The Ben van Berkel-led firm completed the terminal building in 2013. Just four years later, the Amsterdam-based studio was asked to design a large extension, to cater to the airport's rapidly growing number of passengers.
Passengers using the low-cost-airline airport increased from 12,915 per year in 2012 to more than 300,000 in 2016. It is expected to reach a capacity of close to 1,000,000 passengers by 2020.
"UNStudio's goal for the large extension of the Kutaisi International Airport terminal is primarily to maintain a user-oriented experience where the health and comfort of every single passenger is serviced through the correct application of architecture and spatial design," said the firm.
"Facing the task of upgrading the capacity of the terminal, it was decided to follow a unique and forward-thinking approach that ensures the visual connection of the airport drop-off areas of both departure and apron."
UNStudio worked with airport consultant IATA to define five distinct functional islands for the design: departure hall, security area, central passenger hall, back of house offices and arrival hall.
The existing airport terminal – distinguished by its umbrella-like web of wooden beams that extend down from the ceiling into a glass-lined external courtyard – will become the departure hall.
A new arrivals hall will be located at the other end of the new terminal, helping to maximise the area for underground luggage handling and customs services.
Like the existing terminal, the extension will be fronted by full-height glazing, creating a light-filled interior with views of the Caucasus Mountains.
The new central passenger hall will echo the departure hall's umbrella-like ceiling structure. A timber staircase will gradually bring passengers up to a higher level, where they will find food and beverage outlets.
This space will extend out onto the building's roof, creating a huge elevated plaza.
Wrapped by stepped seating, this space will act as a green recreational hub and a waiting area for early arrivals, visitors and their families. It will split the length of the terminal and, like the distinctive red corner of the original terminal building, will create another moment of orientation.
The aim is for the new terminal to also function as an events space, while the outdoor plaza could be used for advertisement purposes.
"By enhancing the transparency and openness of the departure, central and arrival halls, it became possible to provide a pleasant and comfortable travel experience," said UNStudio.
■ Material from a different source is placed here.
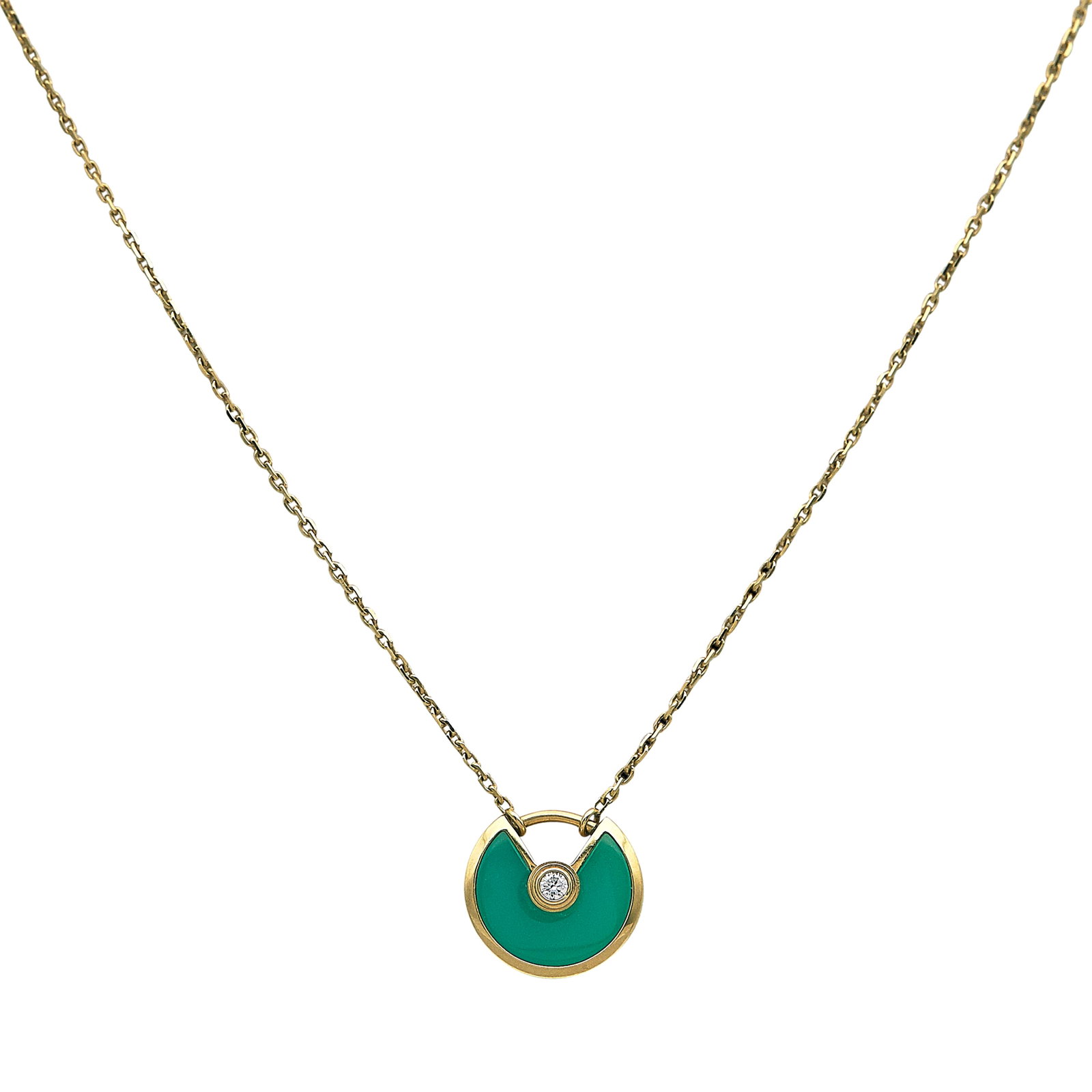 Cartier Amulette 18K Yellow Gold Chrysoprase and Diamond Pendant Necklace: BRAND: Cartier; COLLECTION: Amulette; METAL: 18K Yellow Gold; APPROXIMATE TOTAL DIAMOND WEIGHT: 0.03 ctw; GEMSTONES: Chrysoprase; STAMPED: © Cartier, Au750, 750, serial number, maker's mark; CONDITIO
"Using the correct human scale, flow, spatial language and materialisation for these areas forms the basis of providing comfort for every visitor."
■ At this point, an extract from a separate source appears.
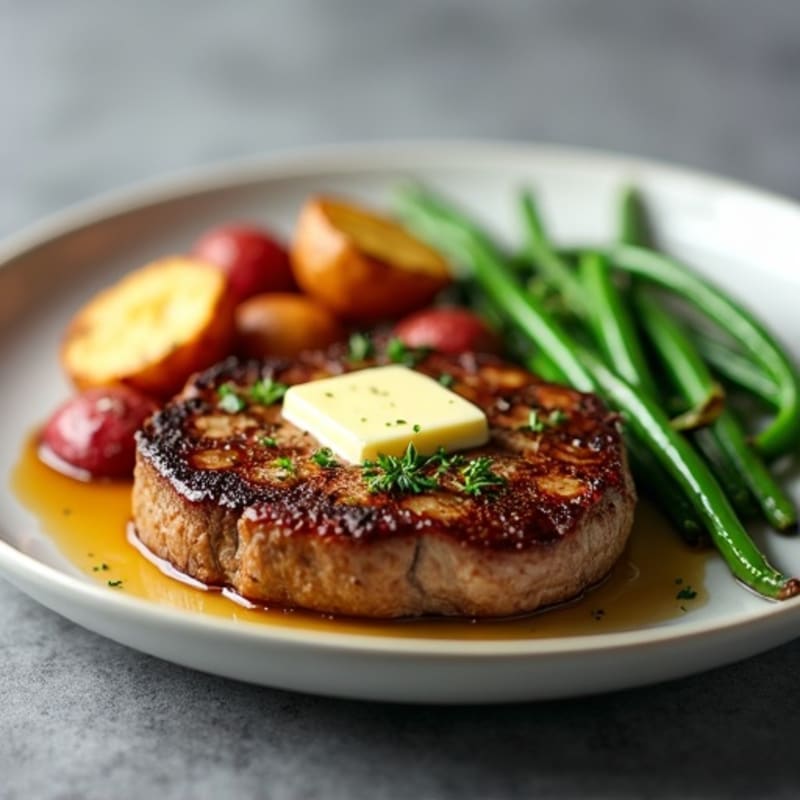 Pan-Seared Steak with Garlic Butter, Crispy Roasted Potatoes, and Roasted Green Beans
Kutaisi International Airport was one of several major new buildings completed in Georgia between 2011 and 2013, including a public services building by Italy-based Studio Fuksas and a civic centre and police station by German studio J Mayer H.
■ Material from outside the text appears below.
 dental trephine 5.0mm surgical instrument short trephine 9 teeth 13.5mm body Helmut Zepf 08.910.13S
At the time, Jürgen Mayer H said the country was using architecture to rebrand itself and "show that there's a change going on".
According to UNStudio, the country is now experiencing a huge influx in tourists.
"Georgia is rapidly becoming one of the new tourist hotspots in the region and Kutaisi has become the gate to access the country," said the firm.
As well as the terminal extension, the airport will also benefit from a new railway link between Tbilisi and the Black Sea coast.
The studio said that the new extension will introduce "a sense of place" through its subtle design references to the Caucasus Mountains.
"Visitors are entering this fascinating and hospitable country from all directions and United Airports of Georgia wants to make sure that they are serviced in the most efficient way – but also with a local touch," it added.